▶ **The problem**
Start at the line with "Photo '14' of Toyota Hiace Photo" and print every line through the end of the material below. Keep it exact and free of pictures.

▶ **Supplied data**
* * * * *

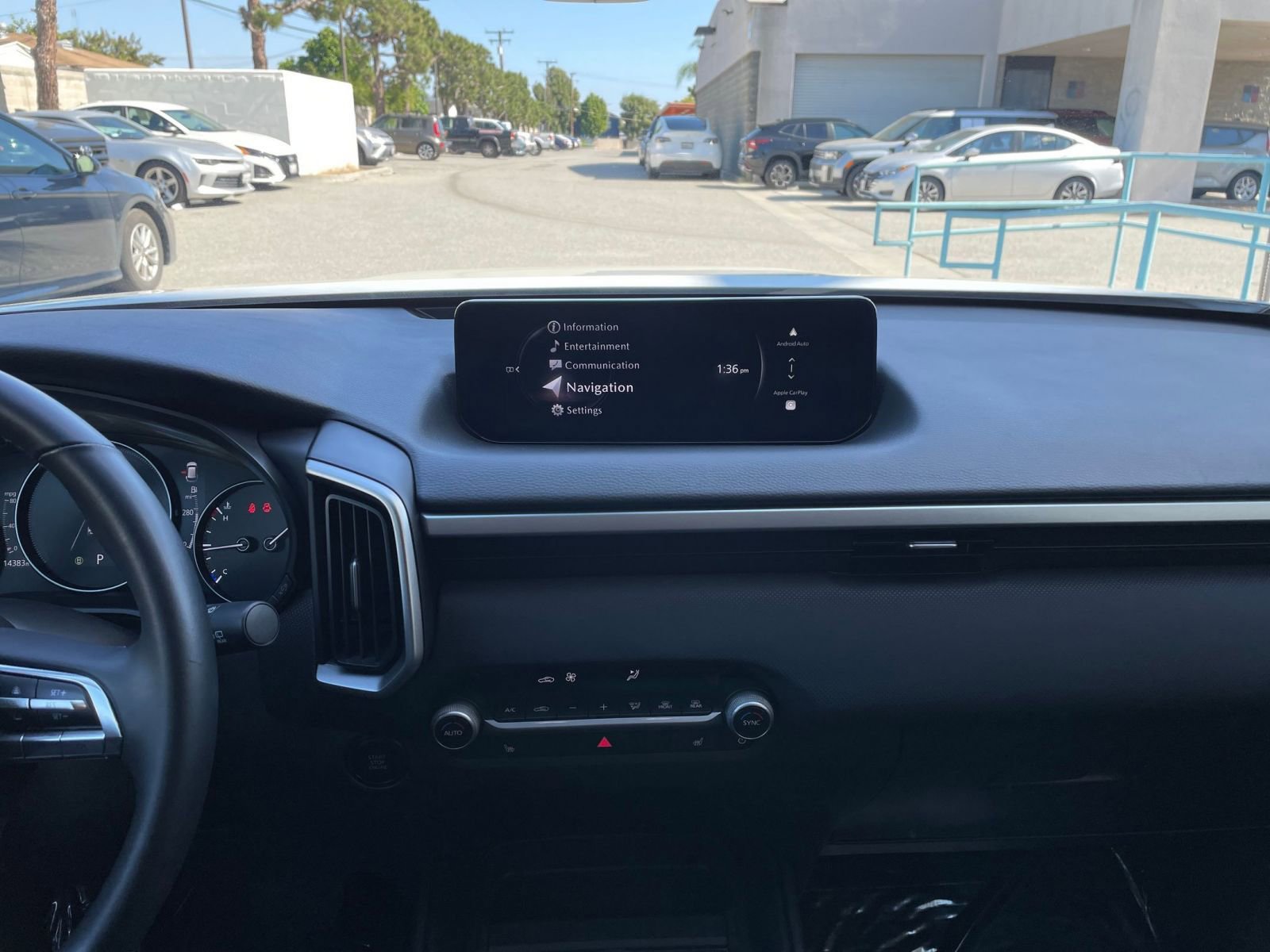 Used 2025 MAZDA CX-50 AWD 2.5 S w/ Premium Package image 17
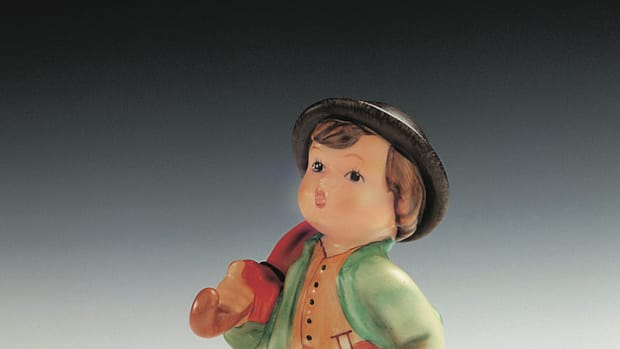 The Merry Wanderer Hummel figurine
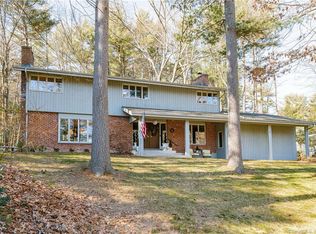 15 Pond Side Ln, West Simsbury, CT 06092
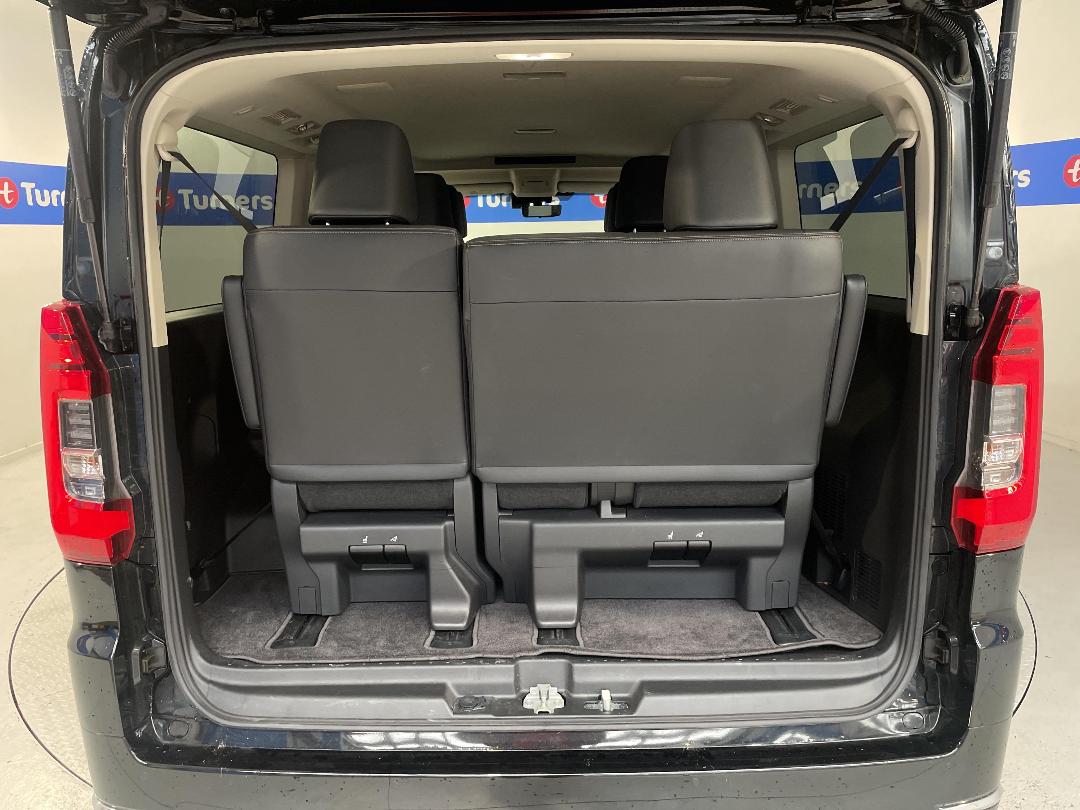 Photo '14' of Toyota Hiace Photo '14' of Toyota Hiace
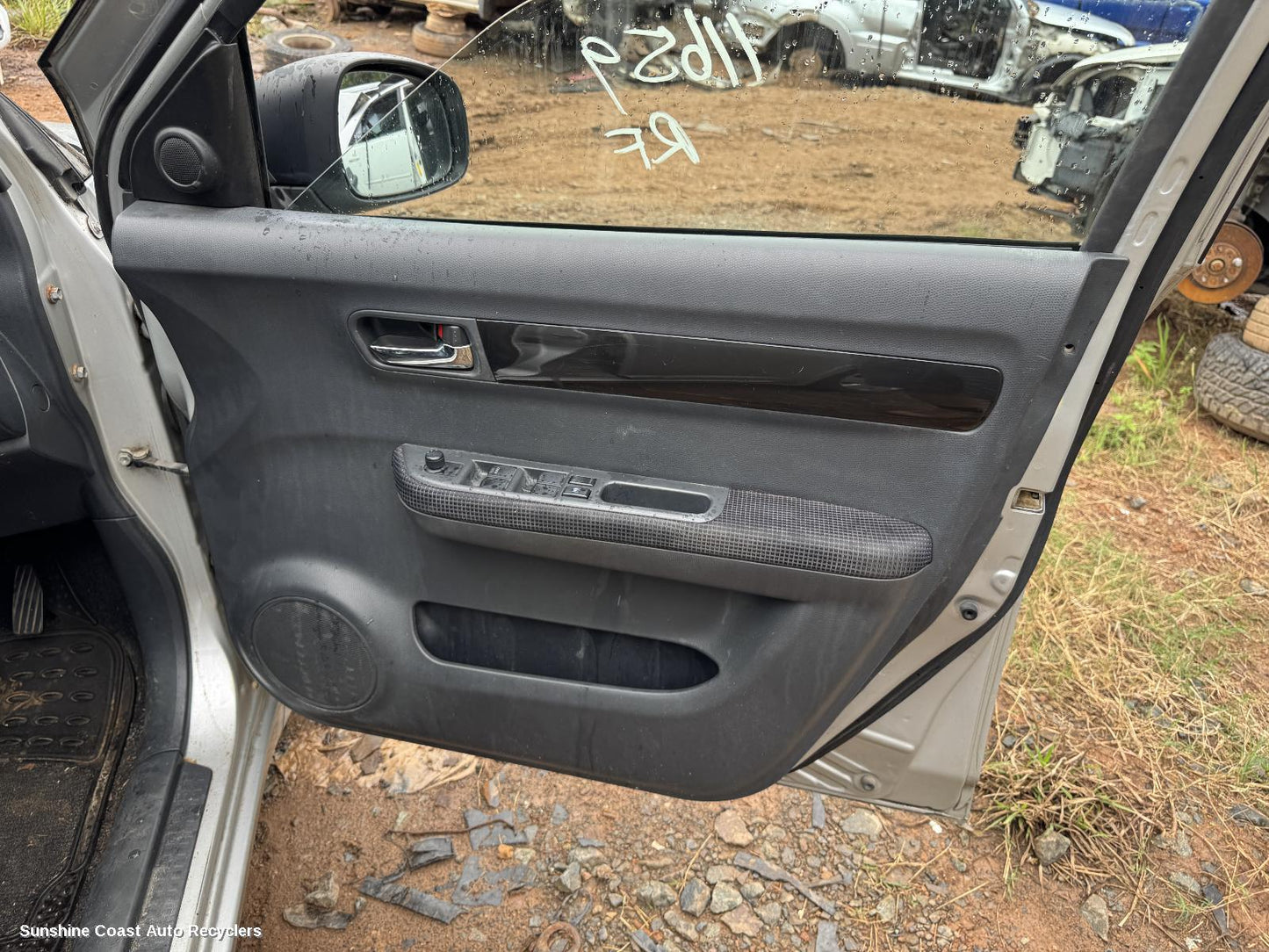 2007 Suzuki Swift Door Handle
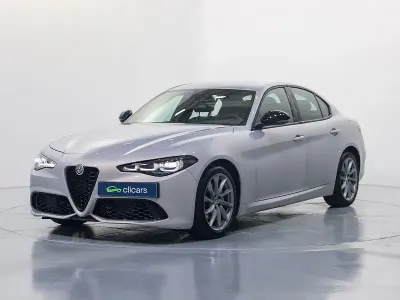 Usado Alfa Romeo Giulia Sprint Sprint 160 CV (117 kW) 2023 Coupe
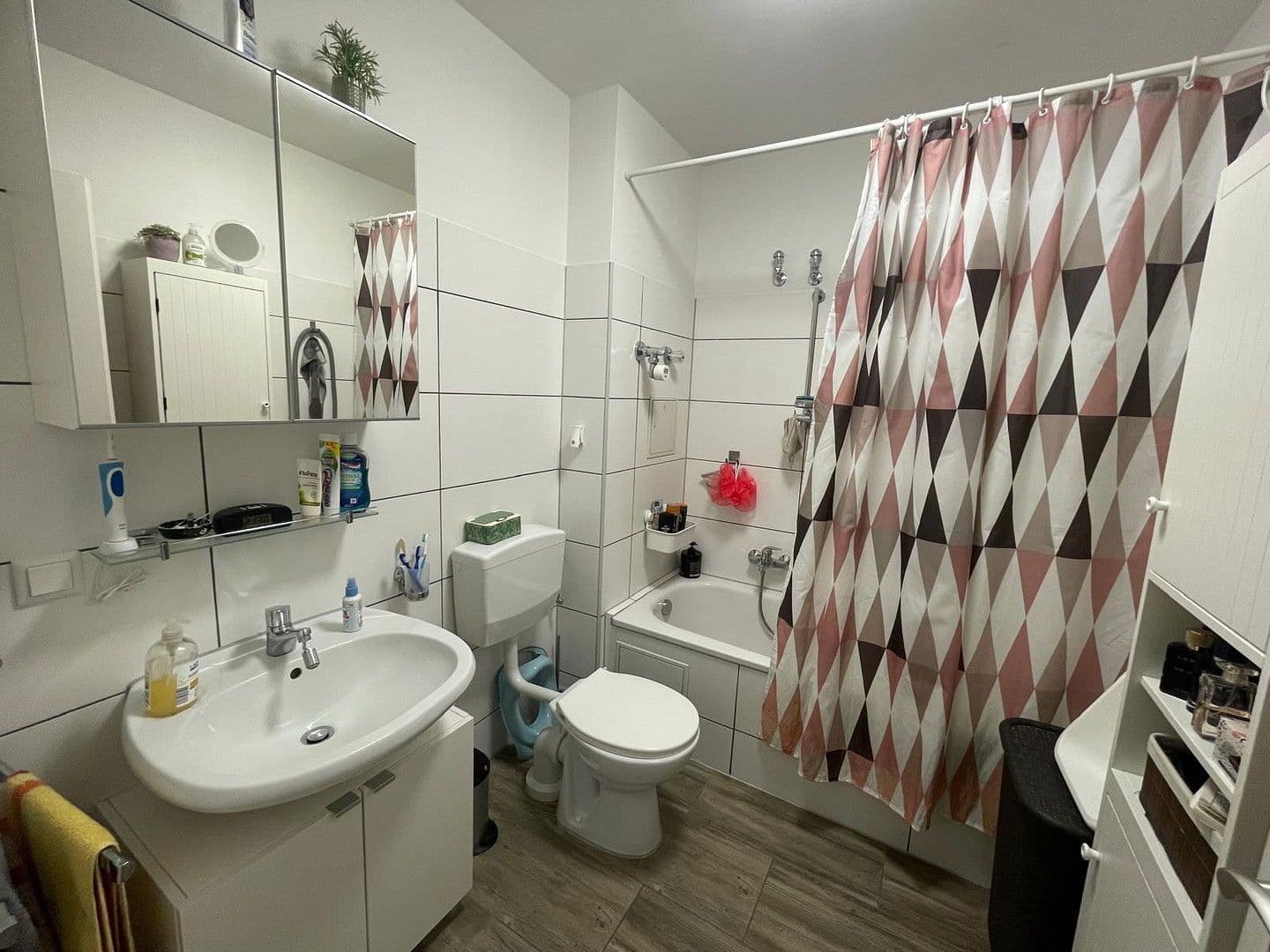 Pronájem bytu 3+1 70 m², Königsberger Straße 2a, Germersheim, Porýní-Falc Pronájem bytu 3+1 70 m², Königsberger Straße 2a, Germersheim, Porýní-Falc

* * * * *

▶ **Result**
 Photo '14' of Toyota Hiace Photo '14' of Toyota Hiace
 2007 Suzuki Swift Door Handle
 Usado Alfa Romeo Giulia Sprint Sprint 160 CV (117 kW) 2023 Coupe
 Pronájem bytu 3+1 70 m², Königsberger Straße 2a, Germersheim, Porýní-Falc Pronájem bytu 3+1 70 m², Königsberger Straße 2a, Germersheim, Porýní-Falc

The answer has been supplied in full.